Even though Carly and I knew we would want to have children together, we never had serious how-to discussions until last summer. I had a dream that I was carrying Carly’s baby, and I wanted it so badly that I was crying about it as I shared my dream with her. This sparked our baby planning. Ideally, we would choose in vitro fertilization (IVF), pick a sperm donor, have Carly’s egg fertilized, and I would carry her baby. Realistically, our finances do not allow for that route of conception. After entertaining numerous ways of going about obtaining our goal (including the idea to sell Carly’s eggs to afford for us to do IVF), we decided we would take turns carrying — we would have two babies! Because I am nearly eleven years older than Carly, we decided I would go first.
Off to the sperm bank we went, to shop for donors and insemination supplies. Our sperm bank has a forum, and we spent huge chunks of our days researching successful routes of trying to conceive, and asking questions about how to check my cervical mucus for optimal fertile consistency. We bought all of the books we could find on insemination at home (there aren’t many out there). We perfected tracking ovulation, and determining my peak fertile times each month. Basically, we became laymen fertility experts. Unfortunately, nine tries later, we still weren’t pregnant.
Honesty, when trying to conceive, is crucial. There are so many sneaky emotions that pop up — you cannot try to suppress them, hoping they will go away, because they won’t.
This is when Carly got honest. Honesty, when trying to conceive, is crucial. There are so many sneaky emotions that pop up — you cannot try to suppress them, hoping they will go away, because they won’t. If you don’t share them, they fester under all of your existence just waiting to attack under the guise of some unrelated annoyance. Carly shared that she was tired of waiting for us to be pregnant, and frankly, she wanted a turn at trying. I had been waiting to hear that from her, whether she had been thinking it for some time or not. With each negative pregnancy test, I felt like I was failing us, and postponing Carly’s desire to carry a child of her own. When she shared her impatience with our trying to conceive process, I agreed that we should turn the role of baby host over to her uterus.
The month that followed, after that decision, was a difficult month. There was a lot of crying and hurt feelings between both of us. Each of us felt that we were going through a difficult adjustment and that the other wasn’t being supportive enough. I was up-front and completely truthful about my feelings in regard to our new plans. I felt hopeful that getting Carly pregnant would lead to our desired outcome faster than focusing on my uterus, as we had been. I wanted to stop trying with my body. I loved knowing that she would finally be able to do what her body has been telling her it’s time to do.
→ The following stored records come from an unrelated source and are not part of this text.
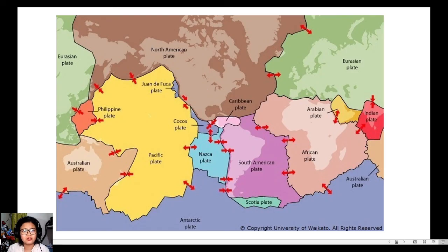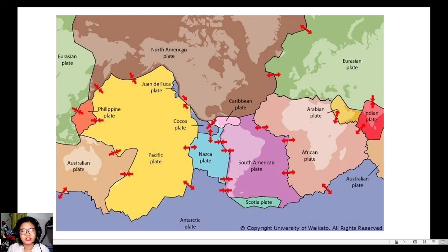I hope you have understood the difference among the three types of plate boundaries, and that these concepts can help you answer the remaining parts of your module — namely the 'Check Your Understanding,' the post-test, and the reflection. Thank you for taking time to watch this video. I hope I have helped you understand this lesson more. Till our next learning session, bye!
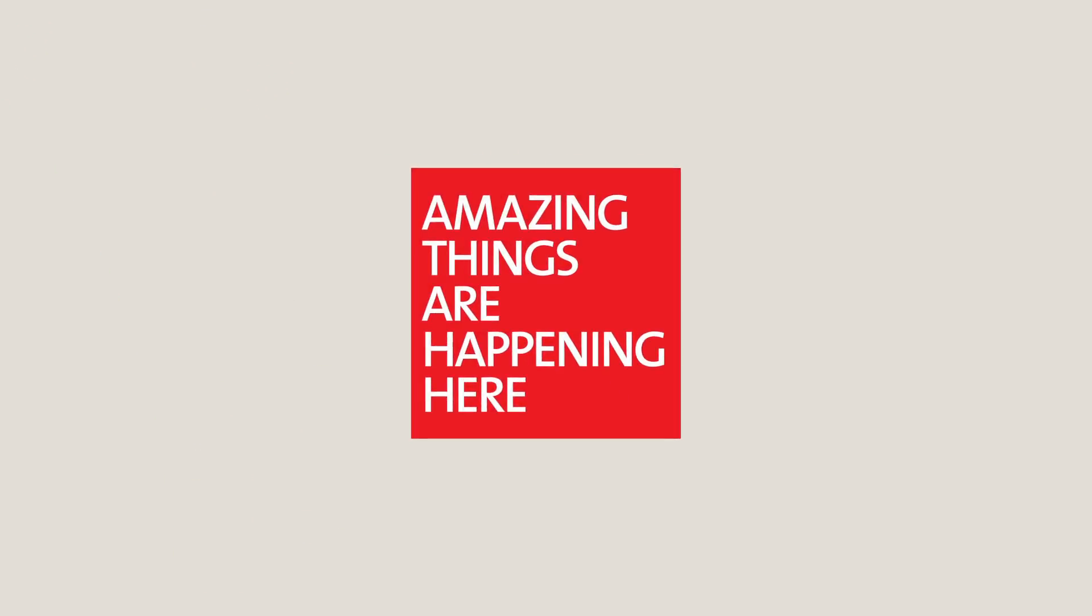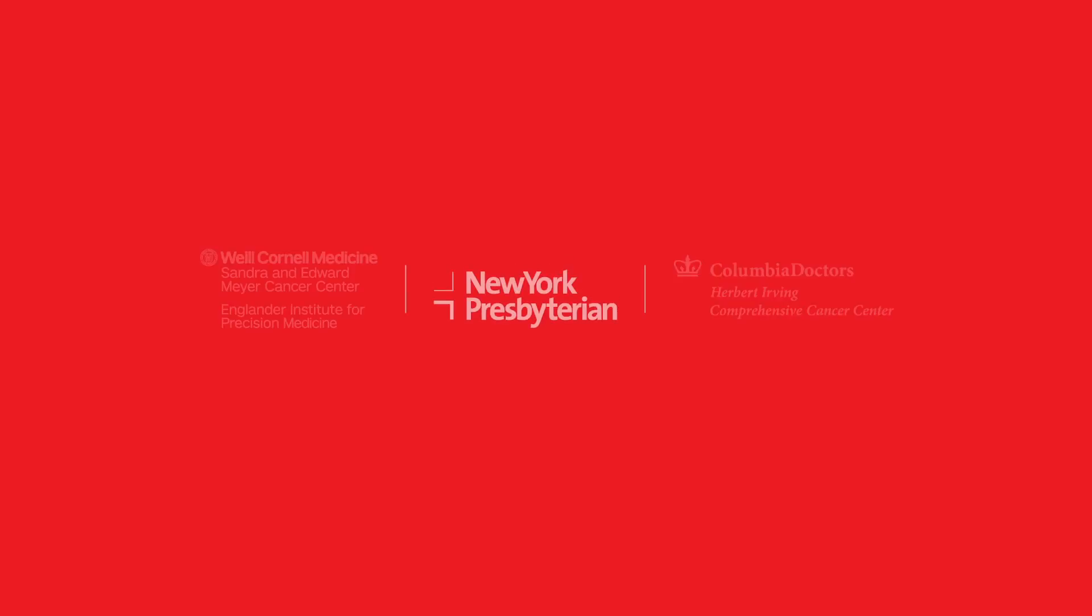That's amazing. And it's happening right here at New York Presbyterian.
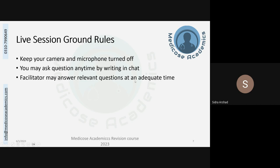There are going to be certain ground rules. To have a smooth discussion, you will have your camera and microphone turned off. You may ask any questions anytime by writing them in the chat box. If you have a question right in the middle of the lecture session, simply write it in the chat. The facilitator will answer relevant questions at an adequate time — if you ask something ahead of the upcoming topic, it will be answered when that topic is reached.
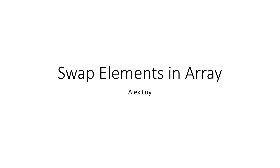Welcome back fellow programmers, my name is Alex Louie, this is Introduction to C++. What I want to go over today is how to swap elements in an array.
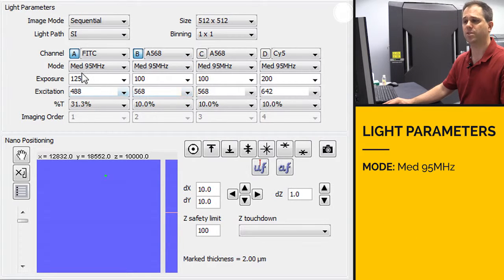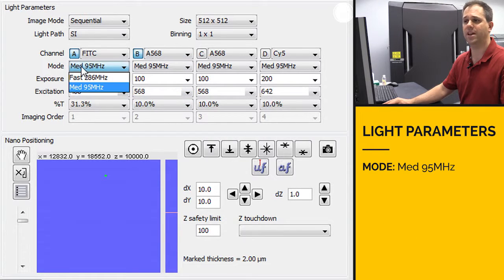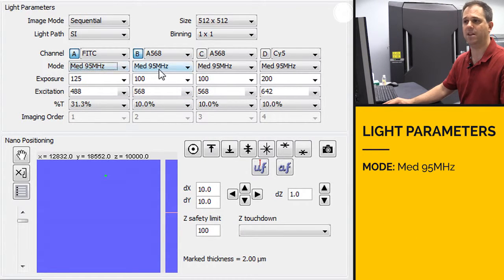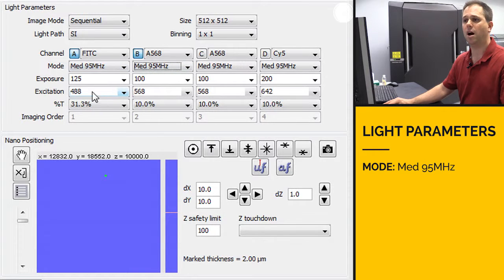In terms of the mode, you can just leave that at medium 95 megahertz. It really doesn't matter which one you choose.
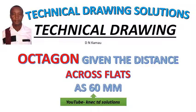Hello and welcome to Technical Drawing Solution. I'm Dien Kamarao. Today I'm going to take you through drawing an octagon given the distance across flats. The distance given is 60 millimeters.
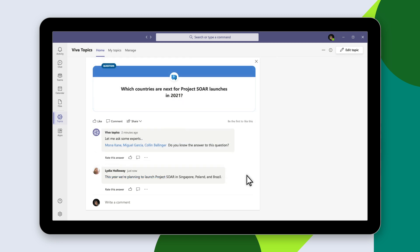Then, it saves their responses to make that information available to the next person asking a similar question. As Viva Topics learns more, everyone shares the knowledge.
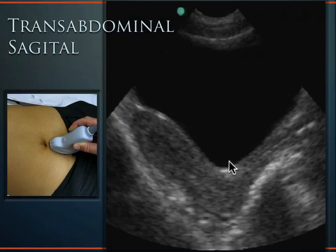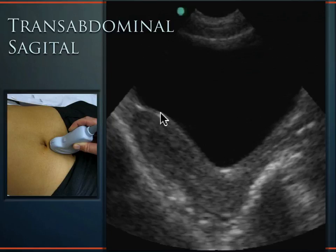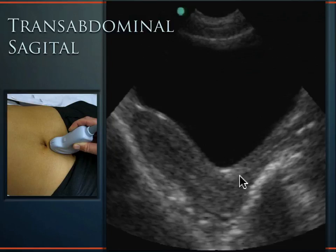On transabdominal sagittal ultrasound, the bladder looks very triangular-shaped. The fundus of the uterus is seen anteriorly, the cervix is below, and the vaginal stripe — a hyperechoic line — is visible below the cervix. The vaginal stripe represents the walls of the empty vagina collapsed on itself. Think of the uterus as lightbulb-shaped: the fundus is the glass bulb and the cervix is where you screw it in.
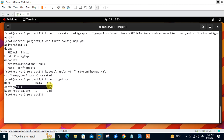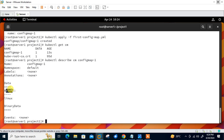Now let's describe the config map using kubectl describe cm configmap-1. You can see the data value: the key is redhat and the value is Linux. Now let's move to the next step, which is calling this config map in our pod manifest file to deploy a pod.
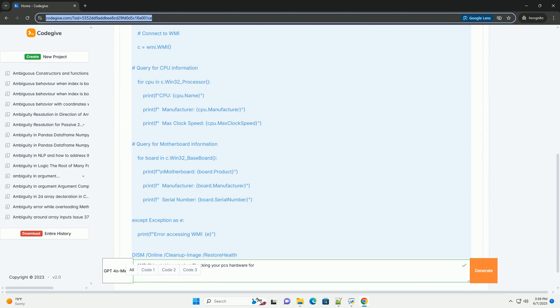Understanding the Problem. The checking your PC's hardware phase is the driver installer's initial step. It aims to:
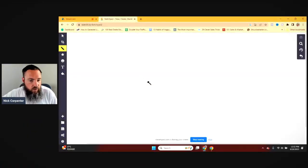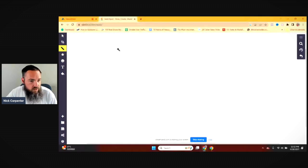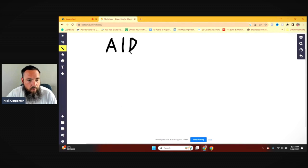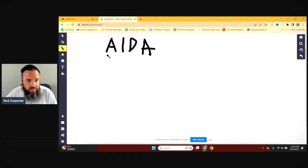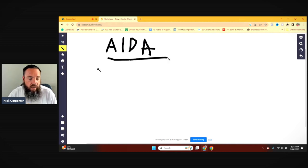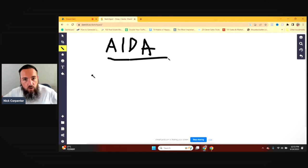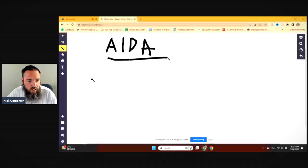I'm using my sketchpad here and we're going to go over a template called AIDA. This came out a long time ago — I know the creator was originally selling medical equipment. He came up with this framework and would apply it over the course of four visits in order to get somebody to finally buy the medical product he was there to sell.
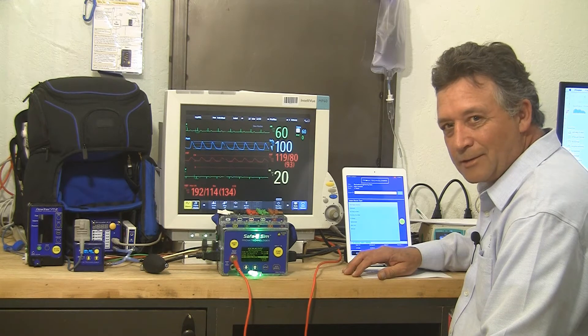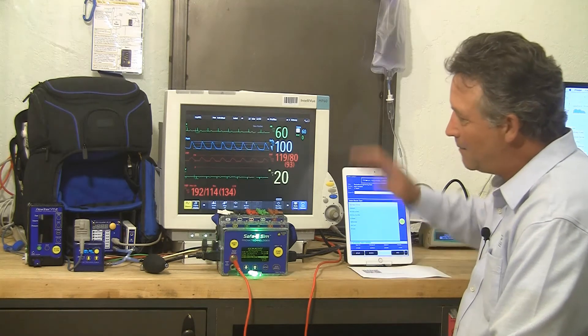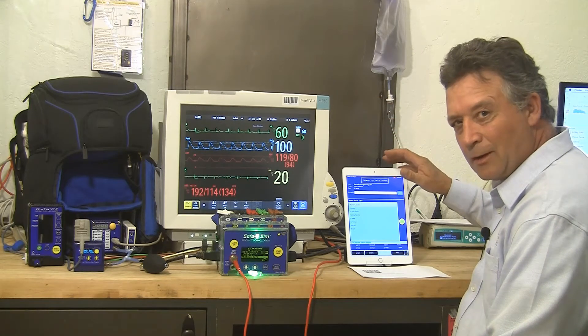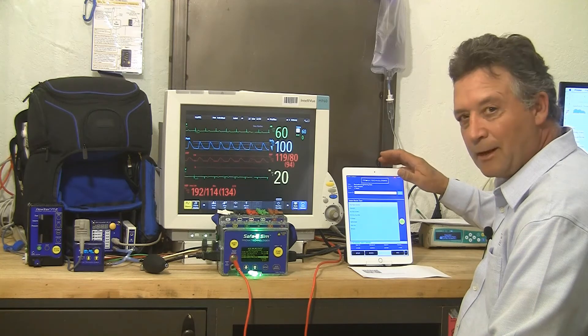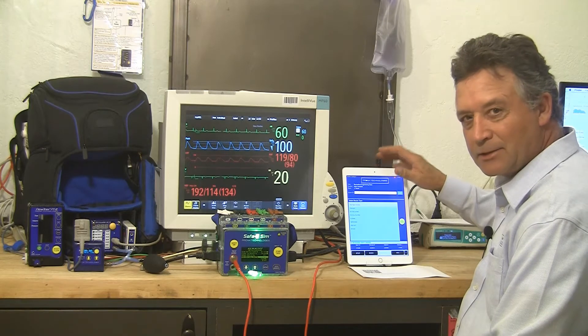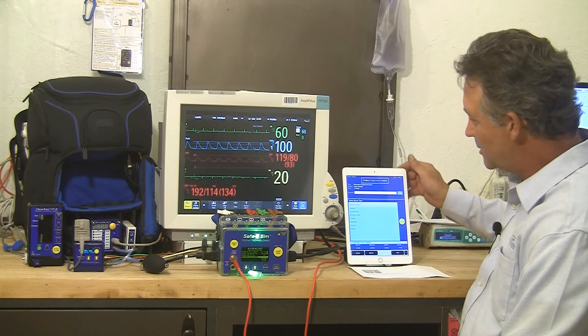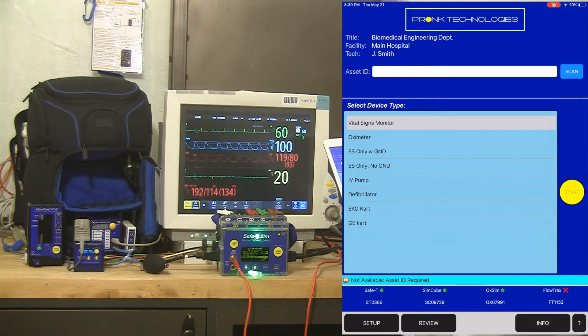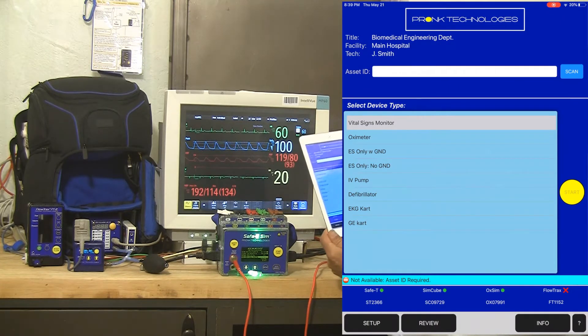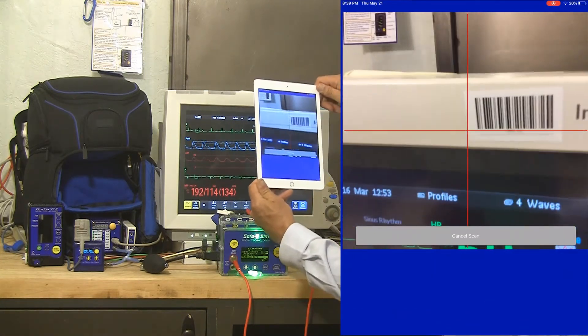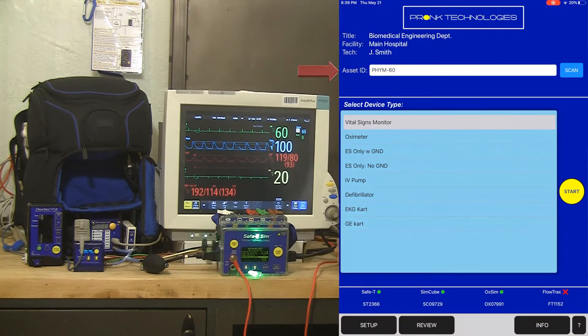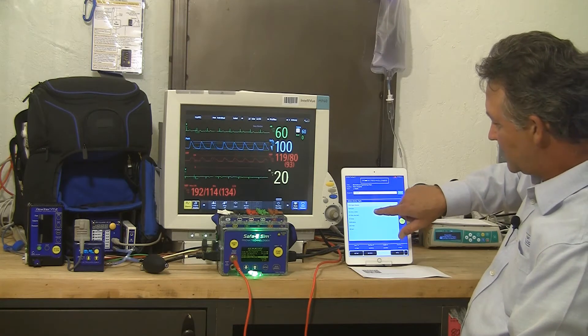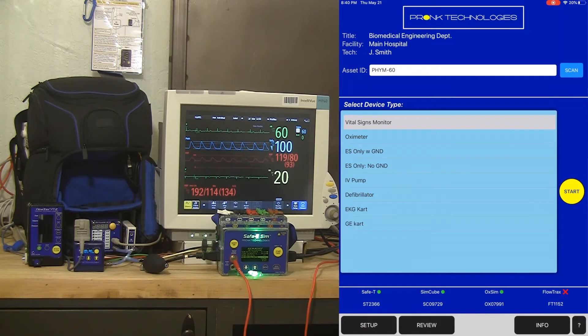All right, so let's take a look now at how we can do a complete PM on a Vital Signs monitor with the Pronk Mobilize wireless system that can run off of your iOS device, your iPad, your iPhone, either one. In this case, we're going to use the iPad because it's easier to see in the video. So let's just go ahead and get started. We're going to have a PM done from our iOS device with Bluetooth connectivity to all of our test devices. I'm going to start with a barcode scan of the device I'm about to test, get that asset ID tied into my electronic record that's going to build as we go. Then I'm going to select the device type on the iPad. That's Vital Signs monitor is already selected and hit start.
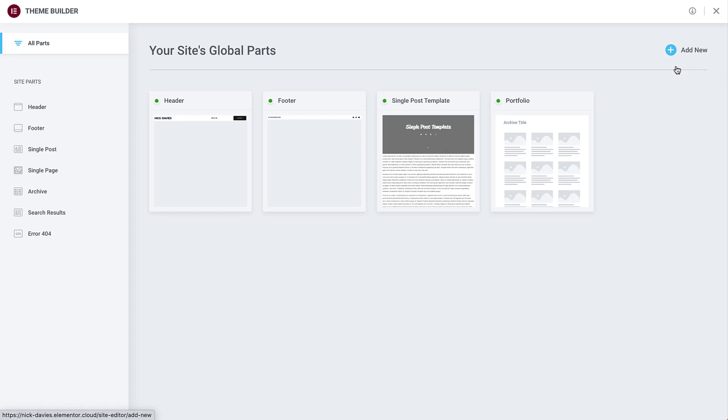In the theme builder, you'll see all the essential site parts of your website, including the header, footer, post templates, and more.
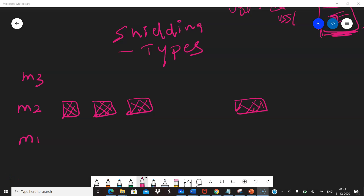In the previous video we discussed what shielding is, what kind of signals have to be shielded, and what are the different kinds of signals which do not have to be shielded. Now we will take the discussion ahead and see the different ways in which shielding is actually done in a layout.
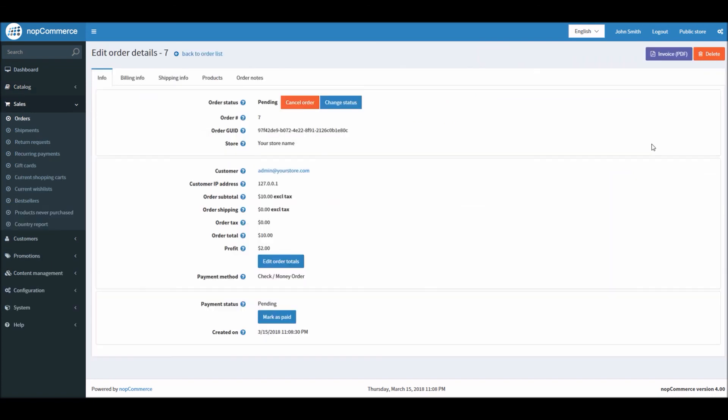So this is how you can manage back orders in nopCommerce. Now it's time for us to wrap up this tutorial video. Hope this was helpful. This video is brought to you by nopCommerce open source shopping cart. Thank you.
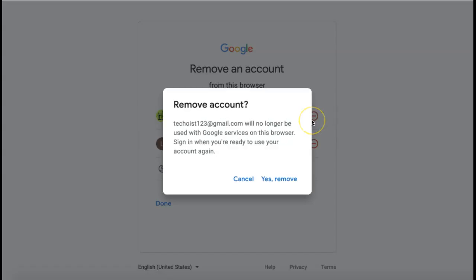If you're sure you want to remove this account from your browser, select yes remove.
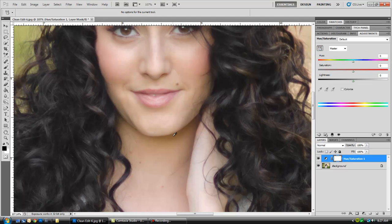If I click in the little area where the color cast is, it's going to tell me what color channel I'm working with. So it's actually a red color channel. I'm going to go ahead and click the first eyedropper tool and click in that area again just to select that color range.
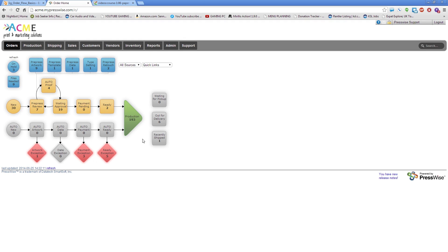Then there's the manual inbox. Here's where CSRs or prepress workers will be responsible for taking a look at these new jobs that come in and deciding what to do with them.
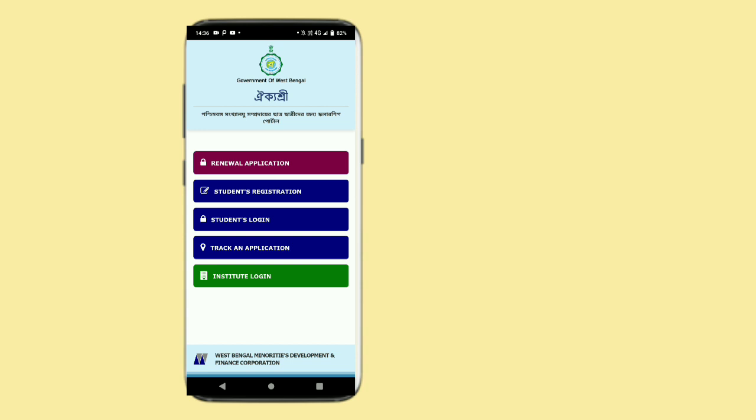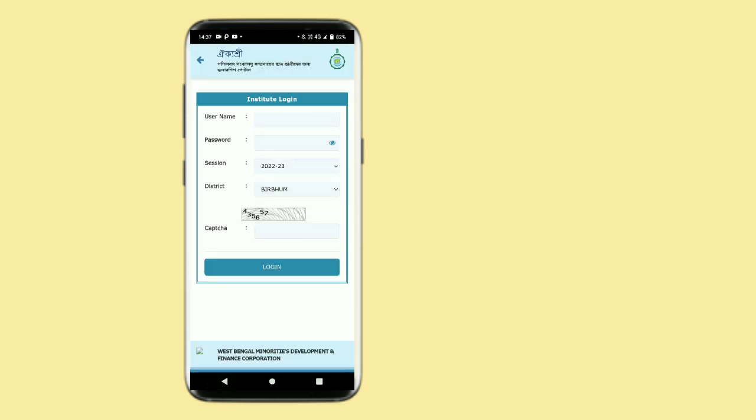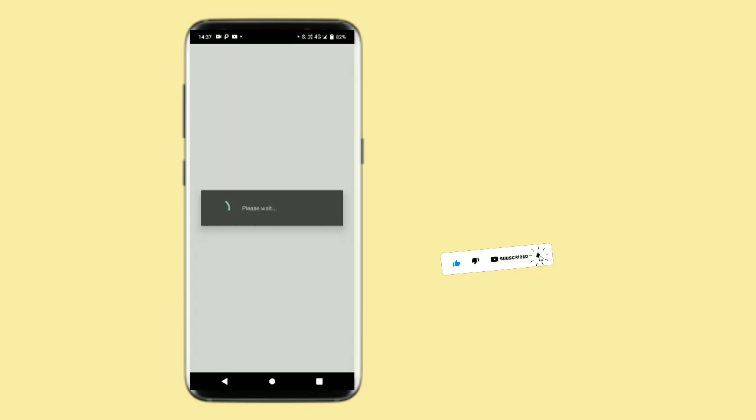If you have special features, you can find the student login on the website. You can also find the status of your application. If you like this video, don't forget to subscribe to the channel.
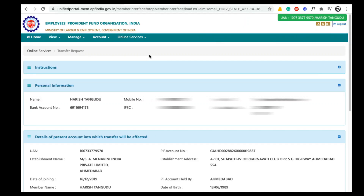Hey guys, welcome back to Rajduk India. Today in this video I am going to show you how to transfer your EPF amount from exempted establishment to unexempted establishment.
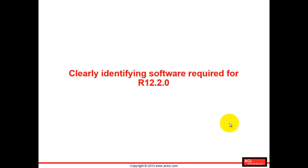Clearly identifying software required for release 12.2.0 installation. Coming from my own experience, when I started downloading from the e-delivery website, I struggled a bit in understanding what software I should download because there are a number of software out there and I couldn't find a place where it's clearly written which software are required.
At the same time, I was having a difficult time adjusting to this new idea of “mom.” I had always identified with my role of mother as being the carrier, the birther, the nursing party (feeder), the one who holds all of the mom cards (if I’m going to be candid). Seeing myself as the supporter, the one who guides the other parent through this big adventure, wasn’t how I identified with being a mom.
I have had to take a big step back, and take a long look at what I really think it means to be a mom, not how I have identified all of these years as a mom. When I did that, I saw that everything I value in being a mom has nothing to do with my past experiences of carrying a baby. Everything I contribute to being a mom is all that will allow me to be the most involved parent to our child — pregnant, or not.
I see motherhood as this experience un-parallel to anything else I will encounter in life. It’s about putting another’s needs before any decision you make for yourself, getting up in the middle of the night because your child needs you (and you don’t even consider that there might be another option), loving something so unconditionally that you strive to understand where they are coming from without effort, and being compelled to guide them through all of life’s struggles simply because you desire the best outcome for them above anything else.
Do I need to carry a child to place myself in that position? Absolutely not! In fact, I’m already there, and we aren’t even pregnant yet! In one week, I will be trying to get Carly good and pregnant. I feel like we are so close to creating this next contribution to our family that I almost forget it might not happen the first try. I figure that just means I am ready. Now, I know that I haven’t changed the way I identify as a mom — I have expanded my identity as a mother.